----- Stored data

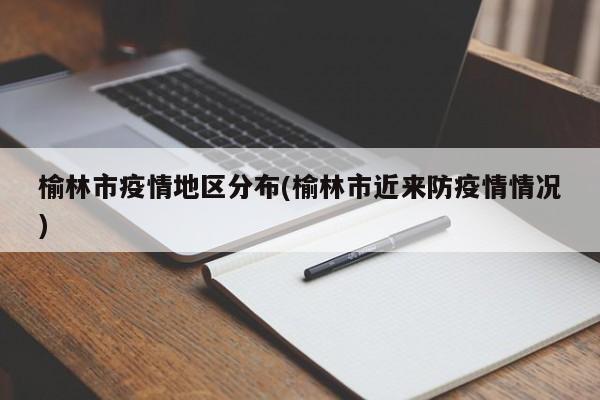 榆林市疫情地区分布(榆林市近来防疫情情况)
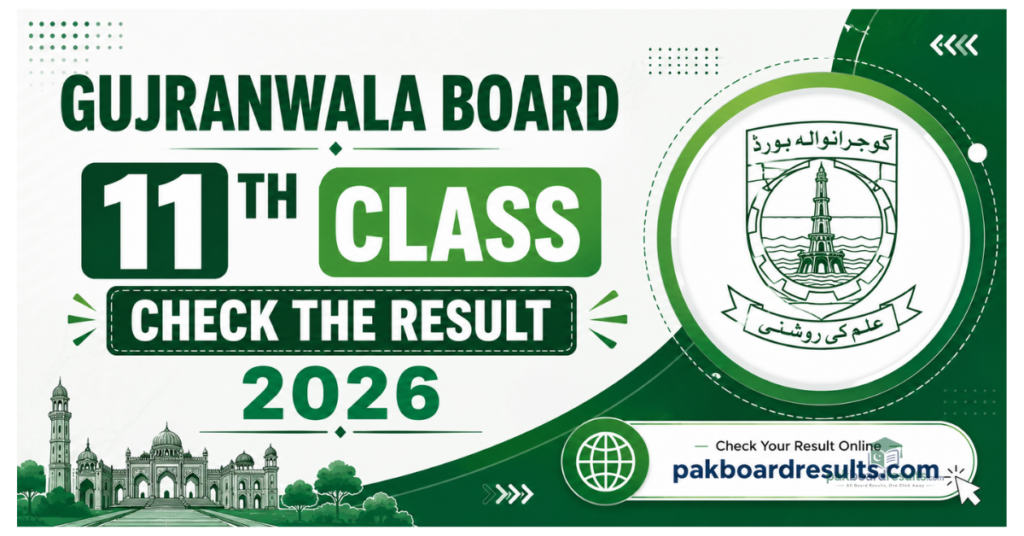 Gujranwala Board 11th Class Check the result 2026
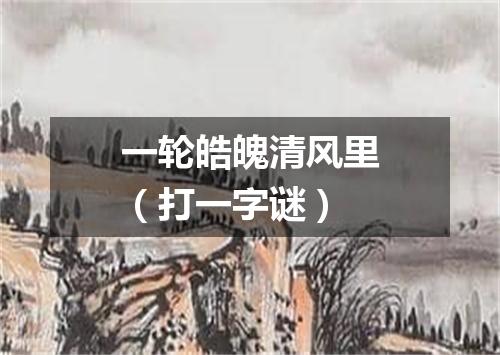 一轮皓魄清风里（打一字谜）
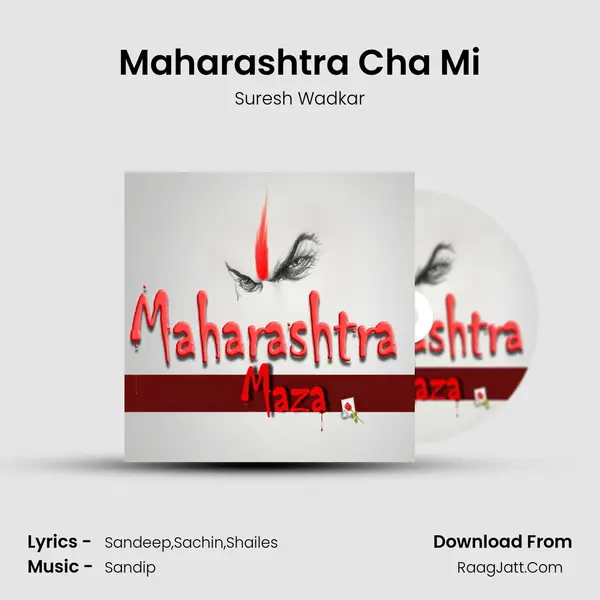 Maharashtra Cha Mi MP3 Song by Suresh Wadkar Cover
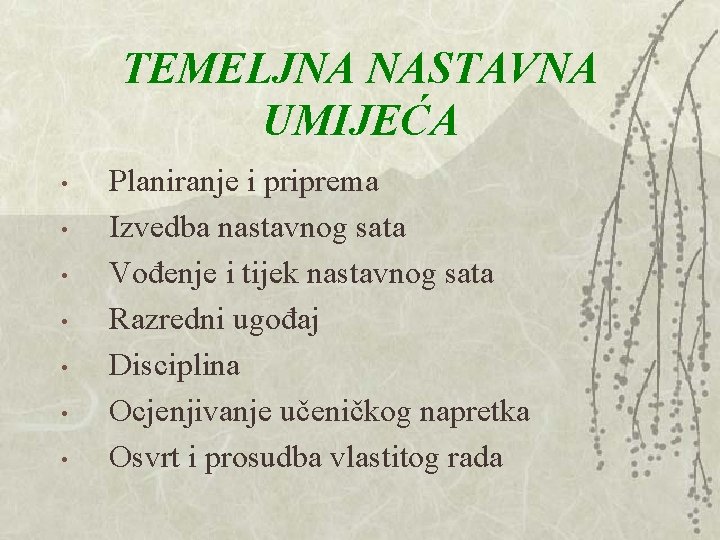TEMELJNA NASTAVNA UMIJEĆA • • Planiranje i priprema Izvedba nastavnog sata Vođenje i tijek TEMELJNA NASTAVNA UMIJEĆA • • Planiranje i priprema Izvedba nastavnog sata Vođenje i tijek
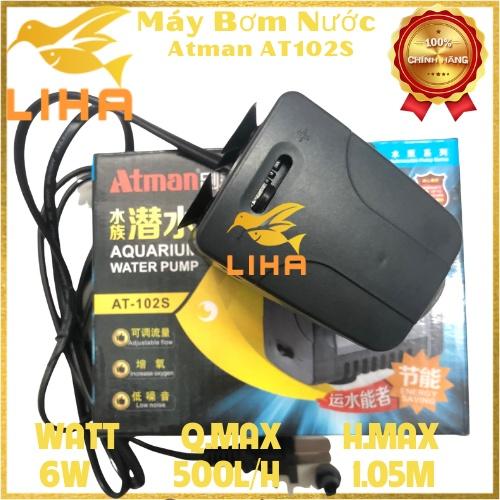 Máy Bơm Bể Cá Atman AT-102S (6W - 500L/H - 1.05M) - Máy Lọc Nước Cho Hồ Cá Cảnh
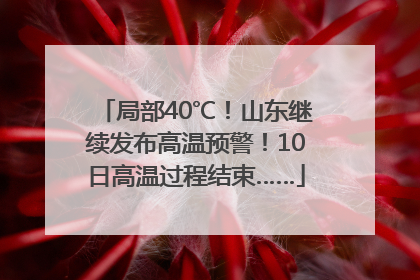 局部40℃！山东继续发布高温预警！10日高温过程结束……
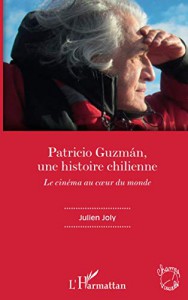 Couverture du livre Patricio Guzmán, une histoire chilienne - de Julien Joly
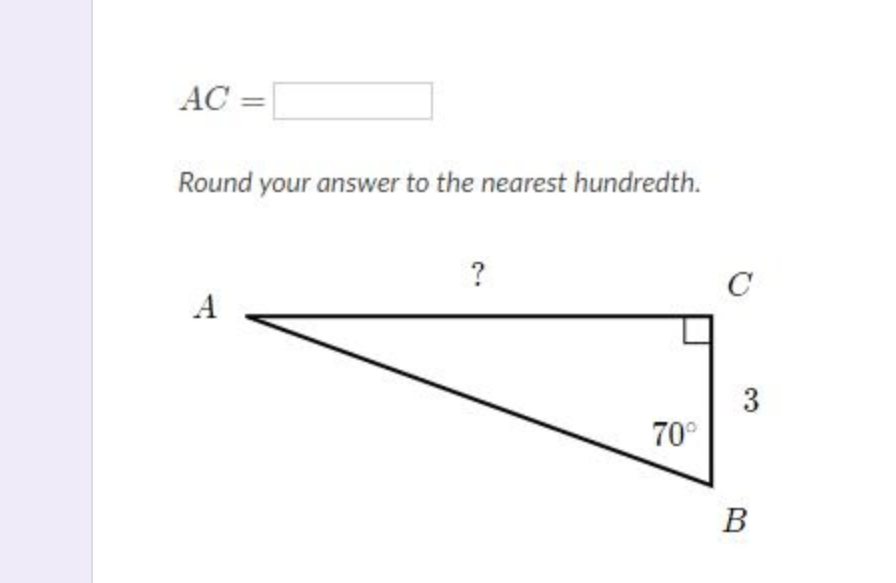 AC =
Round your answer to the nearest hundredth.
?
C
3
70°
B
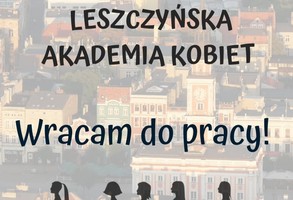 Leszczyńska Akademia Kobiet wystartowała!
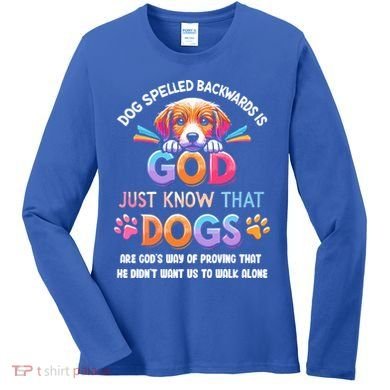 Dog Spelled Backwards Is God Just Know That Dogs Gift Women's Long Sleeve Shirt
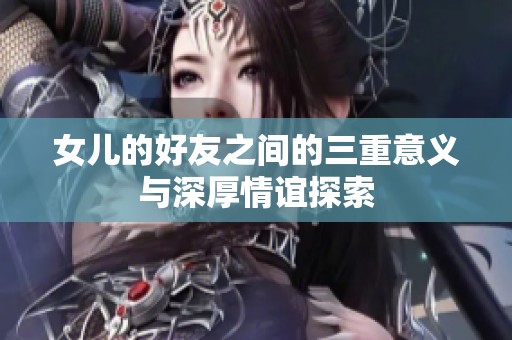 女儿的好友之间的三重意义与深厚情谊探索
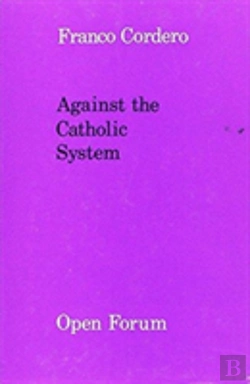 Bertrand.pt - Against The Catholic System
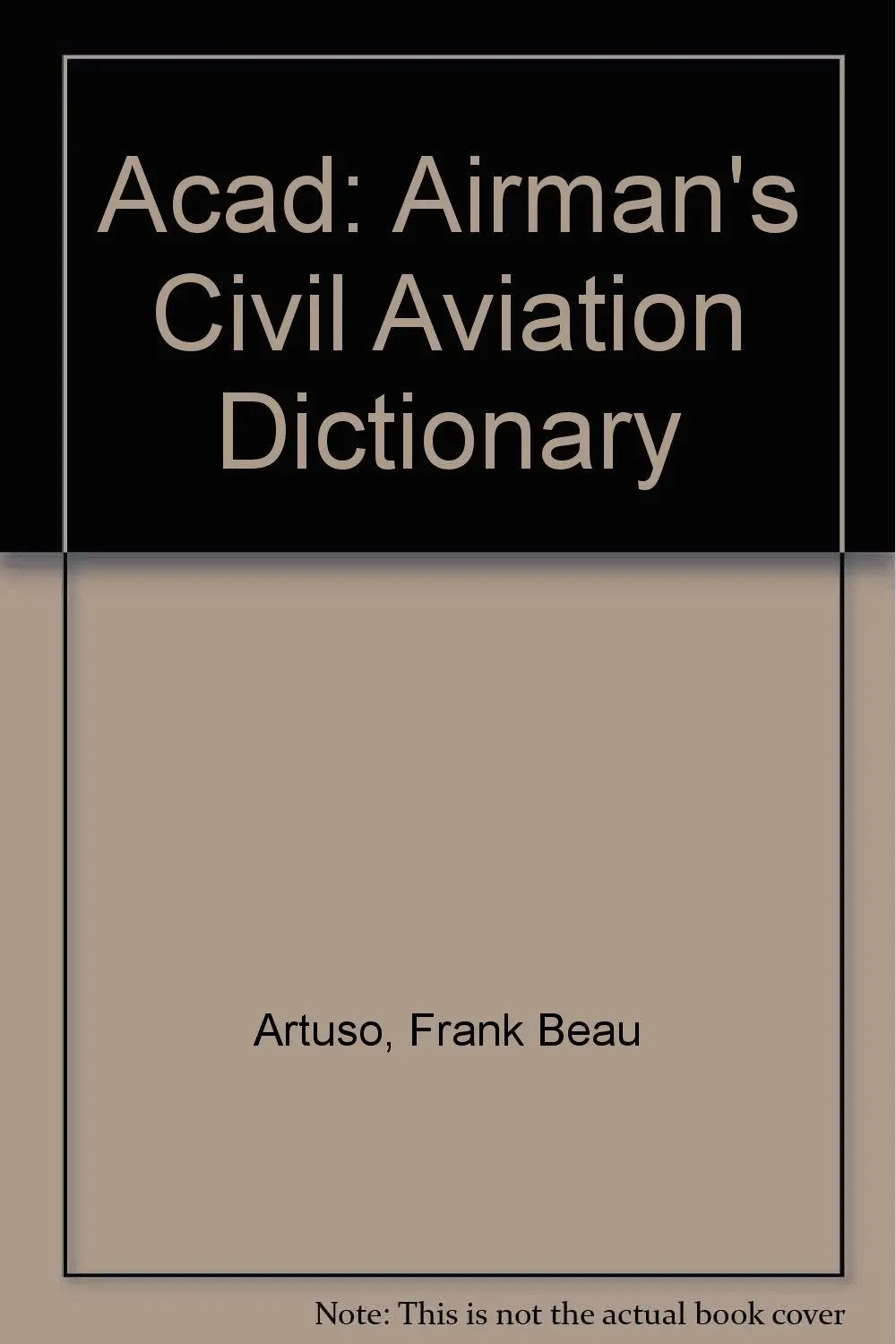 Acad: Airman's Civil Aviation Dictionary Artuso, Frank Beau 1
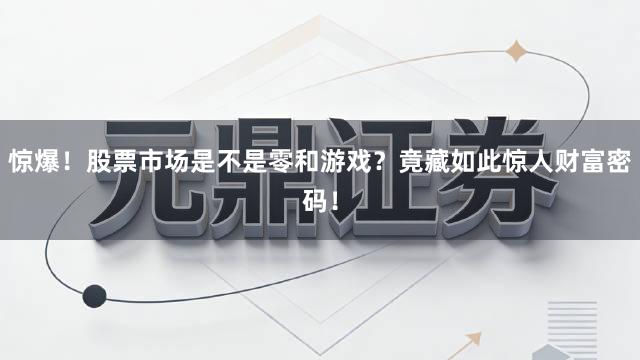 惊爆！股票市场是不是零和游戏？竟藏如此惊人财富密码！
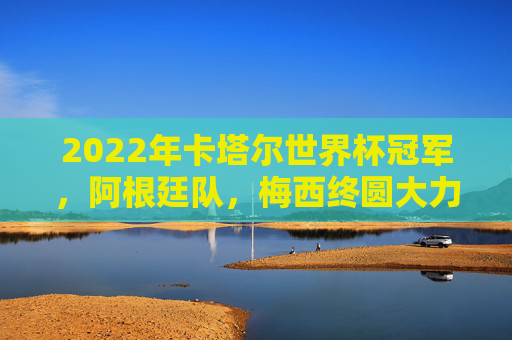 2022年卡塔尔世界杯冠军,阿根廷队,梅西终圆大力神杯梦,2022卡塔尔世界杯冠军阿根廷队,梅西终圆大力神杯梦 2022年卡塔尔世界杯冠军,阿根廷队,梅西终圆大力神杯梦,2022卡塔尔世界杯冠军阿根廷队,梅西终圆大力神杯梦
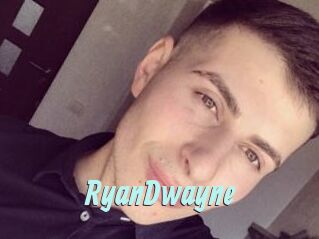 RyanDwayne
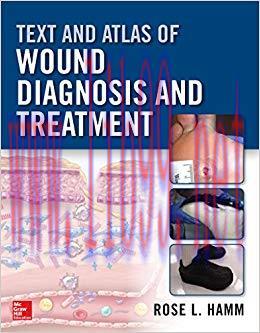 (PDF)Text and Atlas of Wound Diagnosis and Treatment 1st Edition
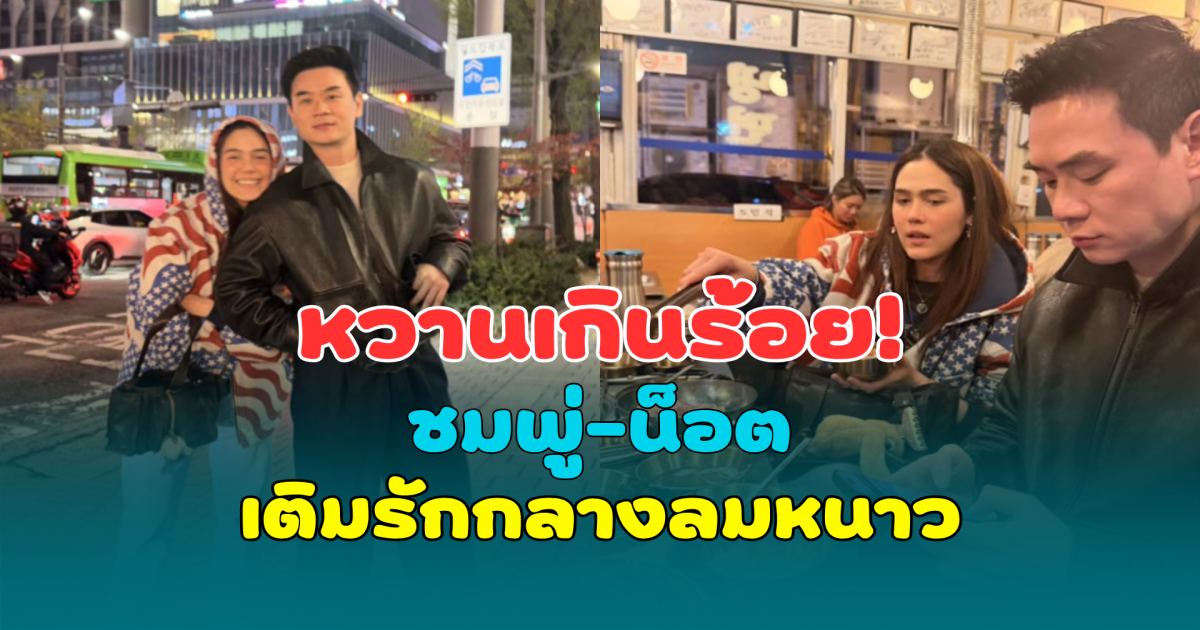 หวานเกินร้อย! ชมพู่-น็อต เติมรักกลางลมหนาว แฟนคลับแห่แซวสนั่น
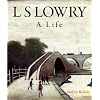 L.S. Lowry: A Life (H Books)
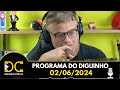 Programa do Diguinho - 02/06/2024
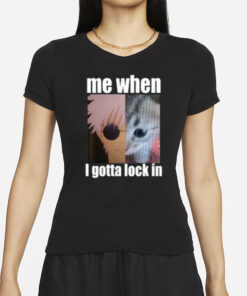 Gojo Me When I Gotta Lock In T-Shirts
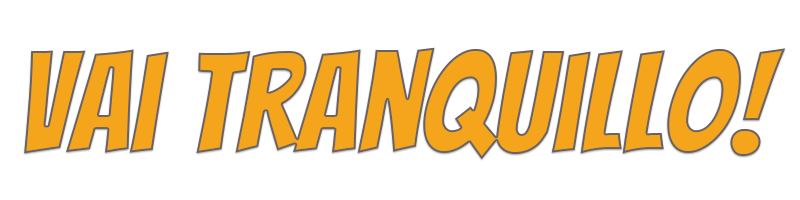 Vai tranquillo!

----------

## Exercise prompt
Only the pictures are to be excluded; all other parts of the records above are to be given exactly.

## Exercise solution
 榆林市疫情地区分布(榆林市近来防疫情情况)
 Gujranwala Board 11th Class Check the result 2026
 一轮皓魄清风里（打一字谜）
 Maharashtra Cha Mi MP3 Song by Suresh Wadkar Cover
TEMELJNA NASTAVNA UMIJEĆA • • Planiranje i priprema Izvedba nastavnog sata Vođenje i tijek TEMELJNA NASTAVNA UMIJEĆA • • Planiranje i priprema Izvedba nastavnog sata Vođenje i tijek
 Máy Bơm Bể Cá Atman AT-102S (6W - 500L/H - 1.05M) - Máy Lọc Nước Cho Hồ Cá Cảnh
 局部40℃！山东继续发布高温预警！10日高温过程结束……
 Couverture du livre Patricio Guzmán, une histoire chilienne - de Julien Joly
 AC =
Round your answer to the nearest hundredth.
?
C
3
70°
B
 Leszczyńska Akademia Kobiet wystartowała!
 Dog Spelled Backwards Is God Just Know That Dogs Gift Women's Long Sleeve Shirt
 女儿的好友之间的三重意义与深厚情谊探索
 Bertrand.pt - Against The Catholic System
 Acad: Airman's Civil Aviation Dictionary Artuso, Frank Beau 1
 惊爆！股票市场是不是零和游戏？竟藏如此惊人财富密码！
 2022年卡塔尔世界杯冠军,阿根廷队,梅西终圆大力神杯梦,2022卡塔尔世界杯冠军阿根廷队,梅西终圆大力神杯梦 2022年卡塔尔世界杯冠军,阿根廷队,梅西终圆大力神杯梦,2022卡塔尔世界杯冠军阿根廷队,梅西终圆大力神杯梦
 RyanDwayne
 (PDF)Text and Atlas of Wound Diagnosis and Treatment 1st Edition
 หวานเกินร้อย! ชมพู่-น็อต เติมรักกลางลมหนาว แฟนคลับแห่แซวสนั่น
 L.S. Lowry: A Life (H Books)
 Programa do Diguinho - 02/06/2024
 Gojo Me When I Gotta Lock In T-Shirts
 Vai tranquillo!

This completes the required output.